We also have paddleboards and kayaks available for staff to use which is quite popular over the summer break as we’re right on the ocean.

In terms of challenges and fitness initiatives, they are well received. Our very first challenge when we launched B-Fit was our Annual October Hike Week Challenge. Employees get extra points for bringing friends, family, even their pets! We just completed our 4th year. Shorter, simpler challenges where team members can use their phone or a tracker to record their kilometers, steps, or calories over the midterm break has been quite popular. Our goal is to get the most participation across different sectors of our staff (faculty, dinning, facilities).

What challenges have you faced in implementing workplace health and wellness? 

We are lucky we can take advantage of all the resources and facilities on campus. But one of our main challenges is catering everyone’s needs between class times as we must work around the students. The facilities are for students, so we need to respect students first and their prime times, and then go from there in terms of what space is available and when.  

Our house-keeping staff work from 5am-2pm, and our faculty’s usually busy until 5pm, so how do we schedule classes and activities that fit around student classes but work for all staff? It’s definitely a challenge. 

We’re trying to come up with an ideal time, and we’d love to see the numbers a bit higher for our fitness classes – aside from our spin class, which is super popular and almost always has a waitlist – the other dates and times scheduling around classes tends to be a bit more of a challenge.  

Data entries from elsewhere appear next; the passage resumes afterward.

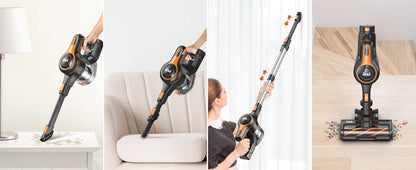 Cordless Vacuum Cleaner, 80000Pa/300W,65 Mins Runtime, 1.2L Dust Cup. Equipped with Digital Display, Anti-Tangle Brush, Self-Standing Design & Wall Charging Dock. 4-Layer Filtration, Ultra-Quiet Operation. Ideal for Pet Hair,
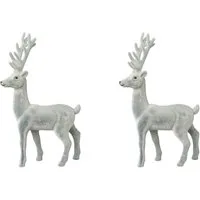 Creativ deco Weihnachtsfigur Hirsch, Weihnachtsdeko (2 St), Dekofigur mit feiner Samtoberfläche, Höhe 29 cm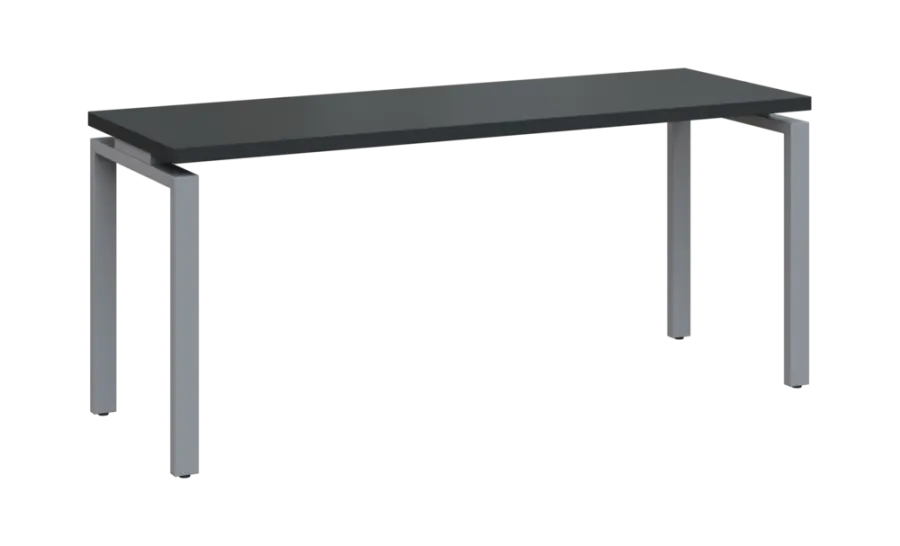 SIPK 36 - 18 stůl kancelářský, kovová podnož stříbrná, deska 36 mm, široký 1800 mm, antracit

We mainly gather feedback through employee surveys, done at least twice a year, to see what’s been working well, see what they’d like us to improve – but another challenge is getting people to respond to the survey – even though we’re trying to make it as short and sweet and effective as possible, in the end it’s just another email in a crowded inbox. 

There’s a lot of this that’s still trial and error, but we can gauge popularity with responses, and work from there. 

Do you have any advice for other organizations in terms of implementing their own holistic health and wellness programs? 

If you’re looking for a way to integrate easy challenges, start with a bingo challenge, or a step challenge. They’re very simple, but effective ways to start! 

We’ve also done the Corporate Whole Life challenge – it has a physical, mental and nutritional component, and has a social media board where everyone can comment on their day and share that with the group – it’s a very easy starting point. A lesson learned is that you don’t need to invest a lot of time in inventing something, when you can use resources and activities that already exists. 

The other thing we did that really seemed to lift morale was laminated compliment cards. Everyone had these compliment cards and people would randomly and anonymously hand them out to colleagues. The energy and smiles on everyone’s faces, especially during the first week, was noticeable. It was definitely a really fun challenge, and it also prompted some more personal letters from staff members. And at the end, we told staff that there’s no need to return the cards to us, but instead they could take them home, use them with their family members, and pay it forward into their personal lives as well.  

All in all, I would say that anything that you can try to implement that can be used by every different department is something that corporations should think about. It’s important to think of an easy initiative that every department can join in and participate in and have fun with as colleagues. That would be the best way to make the most out of the program, and really make the most impact.